Кроме сего страховидного портрета да еще кроме кое-какой мелочи, кроме алхимических знаков на стенах (змей, пожирающий собственный хвост), кроме аллегорических обозначений ртути и серы, кои, совокупившись, якобы создали все видимое естество, кроме забытых в углу католического распятия да небольшой хоругви, где были намалеваны собаки, разрывающие изувеченное тело еретика — православного (это видно было по крестику на груди жертвы), хоругви с давним символом ордена доминиканцев (домини канис —
Владыка и Козак Мамай приглядывались ко всему, что было в тон обширной и хмурой келье, и в голове у них мутилось от едких запахов, пропитавших мастерскую, а наипаче, верно, от испарений фосфора, с коим как раз и возился Иваненко, открыв его на десяток лет раньше немецкого алхимика Бранда.
— Садитесь, панове, — вновь радушно промолвил алхимик. И спросил: — Чего ж вам надобно?
— Совета, — отвечал Мамай.
— Что приключилось?
— Война, пане Иваненко.
— Опять? — испуганно спросил ученый.
— Неужто здесь не слышно, Иваненко: уже не первый день стреляют!.. О! Слушайте! — добавил Мамай, ибо опять где-то прогремела пушка и заговорили гаковницы.

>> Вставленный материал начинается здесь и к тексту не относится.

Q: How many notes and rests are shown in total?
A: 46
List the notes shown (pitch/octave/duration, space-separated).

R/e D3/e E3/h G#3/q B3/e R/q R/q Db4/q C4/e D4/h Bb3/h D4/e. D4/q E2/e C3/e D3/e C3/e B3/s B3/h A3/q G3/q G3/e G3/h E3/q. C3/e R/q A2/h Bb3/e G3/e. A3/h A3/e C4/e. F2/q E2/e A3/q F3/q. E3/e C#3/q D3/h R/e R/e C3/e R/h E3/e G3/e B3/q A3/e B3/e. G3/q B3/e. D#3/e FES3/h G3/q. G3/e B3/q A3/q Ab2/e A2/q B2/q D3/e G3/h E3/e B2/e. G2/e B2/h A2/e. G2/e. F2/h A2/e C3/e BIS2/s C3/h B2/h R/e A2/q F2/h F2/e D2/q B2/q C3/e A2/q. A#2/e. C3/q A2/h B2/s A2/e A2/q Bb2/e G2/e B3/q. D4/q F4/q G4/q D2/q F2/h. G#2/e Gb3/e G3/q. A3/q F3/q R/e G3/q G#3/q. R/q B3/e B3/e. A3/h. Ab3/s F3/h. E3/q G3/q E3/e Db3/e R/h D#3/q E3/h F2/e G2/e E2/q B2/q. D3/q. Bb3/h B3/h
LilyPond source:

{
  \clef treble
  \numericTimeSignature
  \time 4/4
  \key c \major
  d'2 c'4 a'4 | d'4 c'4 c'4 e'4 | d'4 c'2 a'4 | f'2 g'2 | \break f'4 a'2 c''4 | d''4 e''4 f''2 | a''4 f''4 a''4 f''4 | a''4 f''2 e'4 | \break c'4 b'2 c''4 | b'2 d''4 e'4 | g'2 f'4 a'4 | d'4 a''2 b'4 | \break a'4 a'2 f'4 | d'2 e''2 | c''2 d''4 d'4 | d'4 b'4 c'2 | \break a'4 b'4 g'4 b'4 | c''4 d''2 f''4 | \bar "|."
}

— Опять война! — вздохнул алхимик. И спросил в тревоге: — Татары? Орда?
— Хуже.
— Шляхта?
— Хуже.
— А кто?
— Свои. Вместе с чужаками.
— Какие же это свои?
— Бывшие свои: гетман Гордий Гордый.
— Свой пес оттого, что свой, не перестает быть собакой.

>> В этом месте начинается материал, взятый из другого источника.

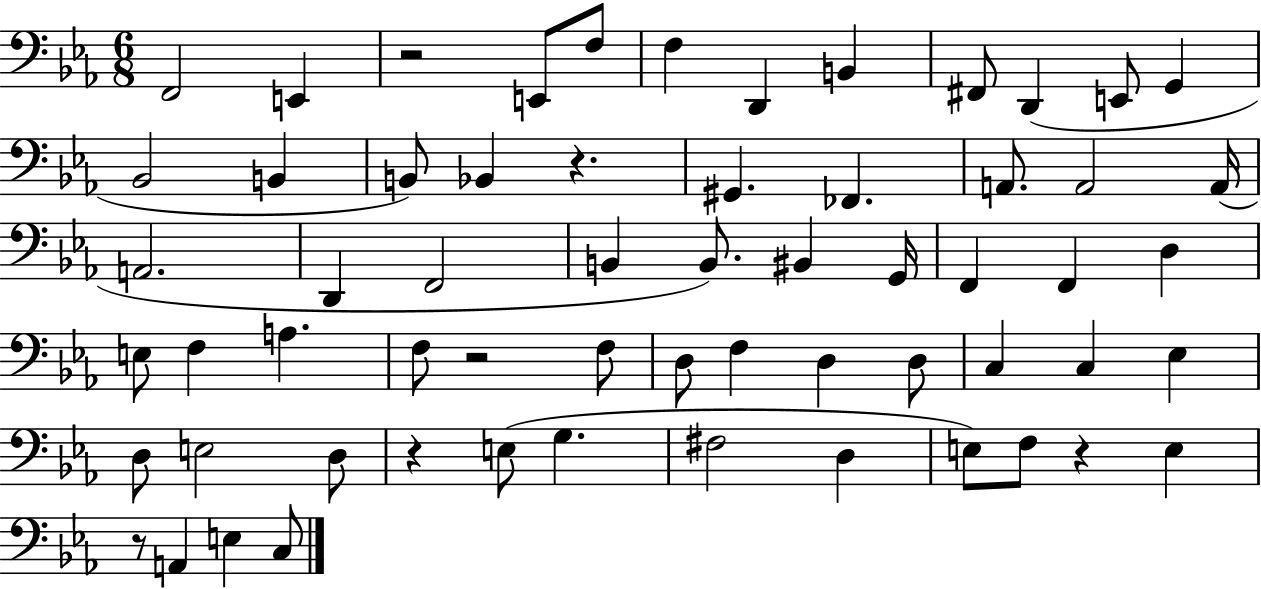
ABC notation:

X:1
T:Untitled
M:6/8
L:1/4
K:Eb
F,,2 E,, z2 E,,/2 F,/2 F, D,, B,, ^F,,/2 D,, E,,/2 G,, _B,,2 B,, B,,/2 _B,, z ^G,, _F,, A,,/2 A,,2 A,,/4 A,,2 D,, F,,2 B,, B,,/2 ^B,, G,,/4 F,, F,, D, E,/2 F, A, F,/2 z2 F,/2 D,/2 F, D, D,/2 C, C, _E, D,/2 E,2 D,/2 z E,/2 G, ^F,2 D, E,/2 F,/2 z E, z/2 A,, E, C,/2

— Окружили уже Калинову Долину. А пороху у нас — в обрез… Так вот мы — к тебе: не наваришь ли нам того черного проса?
— А из чего варить? Запас доброй серы есть в монастыре. А вот селитры нету… — И ученый чудак спросил недовольно: — Ты же, Мамай, приходил ко мне поутру, когда привел… Оврама того! И не сказал про войну!
— Ты был чем-то крепко озабочен…
— Может, и так… — поправил очки Иваненко. Потом заговорил: — Когда бы мне дали с полсотни козаков, а не то молодиц, я, может, где и раскопал бы в нашей Долине малость селитры… Нужно полста козаков.

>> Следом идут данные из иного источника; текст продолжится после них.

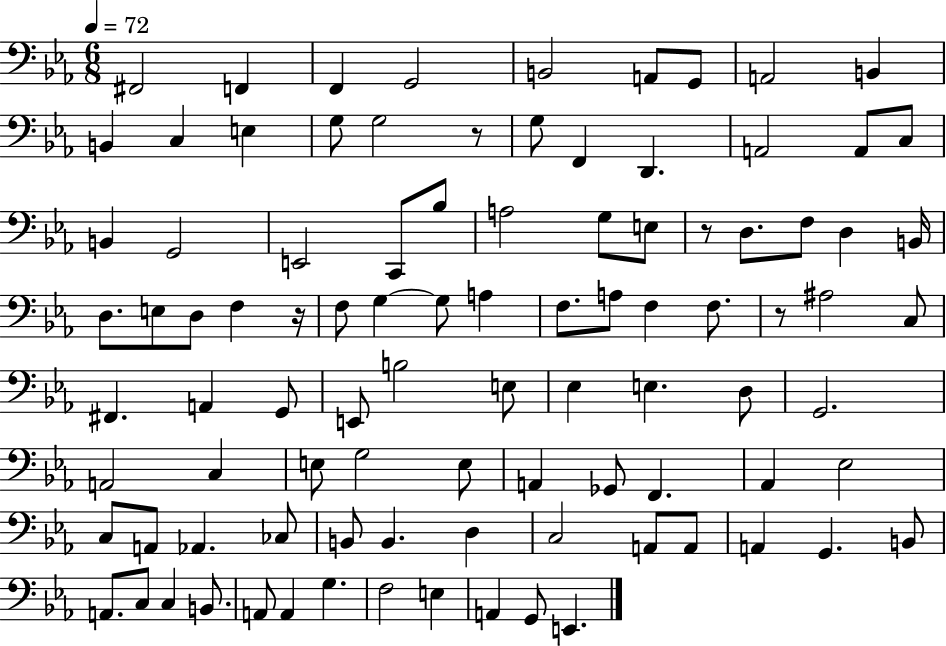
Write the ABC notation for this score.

X:1
T:Untitled
M:6/8
L:1/4
K:Eb
^F,,2 F,, F,, G,,2 B,,2 A,,/2 G,,/2 A,,2 B,, B,, C, E, G,/2 G,2 z/2 G,/2 F,, D,, A,,2 A,,/2 C,/2 B,, G,,2 E,,2 C,,/2 _B,/2 A,2 G,/2 E,/2 z/2 D,/2 F,/2 D, B,,/4 D,/2 E,/2 D,/2 F, z/4 F,/2 G, G,/2 A, F,/2 A,/2 F, F,/2 z/2 ^A,2 C,/2 ^F,, A,, G,,/2 E,,/2 B,2 E,/2 _E, E, D,/2 G,,2 A,,2 C, E,/2 G,2 E,/2 A,, _G,,/2 F,, _A,, _E,2 C,/2 A,,/2 _A,, _C,/2 B,,/2 B,, D, C,2 A,,/2 A,,/2 A,, G,, B,,/2 A,,/2 C,/2 C, B,,/2 A,,/2 A,, G, F,2 E, A,, G,,/2 E,, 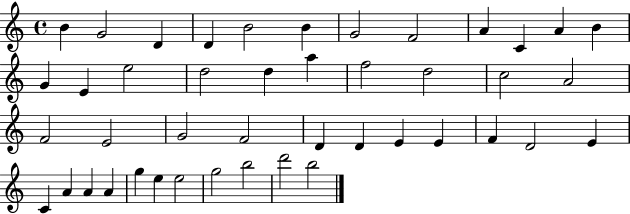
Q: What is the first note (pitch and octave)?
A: B4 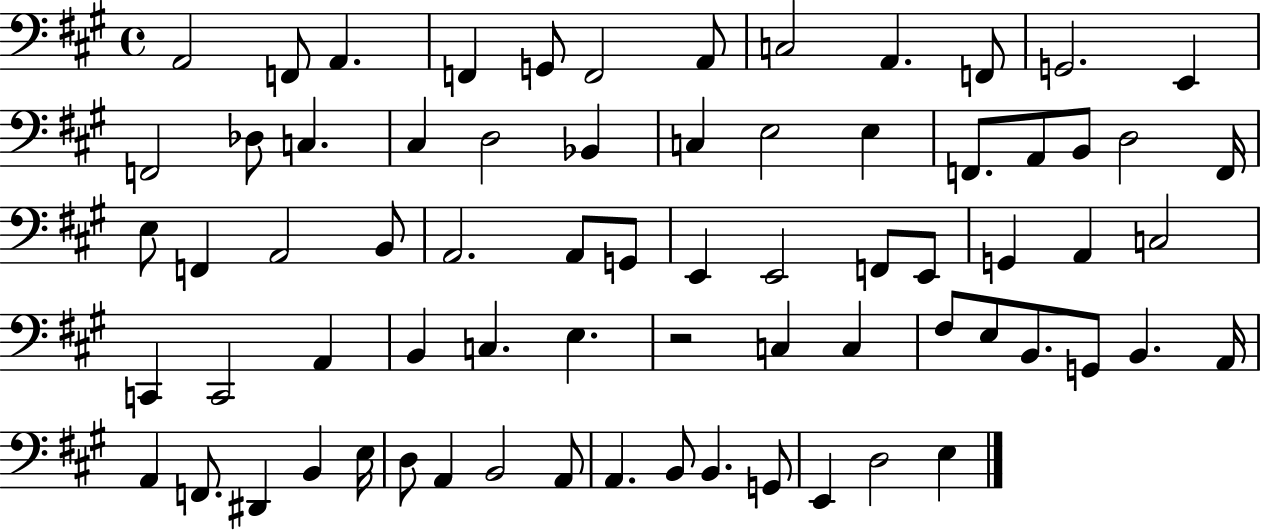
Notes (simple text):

A2/h F2/e A2/q. F2/q G2/e F2/h A2/e C3/h A2/q. F2/e G2/h. E2/q F2/h Db3/e C3/q. C#3/q D3/h Bb2/q C3/q E3/h E3/q F2/e. A2/e B2/e D3/h F2/s E3/e F2/q A2/h B2/e A2/h. A2/e G2/e E2/q E2/h F2/e E2/e G2/q A2/q C3/h C2/q C2/h A2/q B2/q C3/q. E3/q. R/h C3/q C3/q F#3/e E3/e B2/e. G2/e B2/q. A2/s A2/q F2/e. D#2/q B2/q E3/s D3/e A2/q B2/h A2/e A2/q. B2/e B2/q. G2/e E2/q D3/h E3/q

— Где ж я столько возьму? — неуверенно возразил епископ. — Одни воюют. Иные оружие ладят, козаков кормят, гречку сеют, сено косят. А не то копаются в земле.
— Зачем копаются?
— Клады ищут.
— Этих-то мне и нужно.
— А что бы тебе, — сказал Козак Мамай, — да поискать еще и на том берегу Рубайла, в болотах, нет ли там железа?
— В болоте — железо? — удивился епископ.
— Болотная руда, — отвечал Иваненко, — на лугах залегает: когда корочкой, когда фасолькой, когда вот этакими орешками. Надобно искать! — и, погасив под ретортами и тиглями огонь, взял шапку. Затем встал, задумался, словно сам у себя спросил, оглядевшись вокруг: — Как же я все это покину?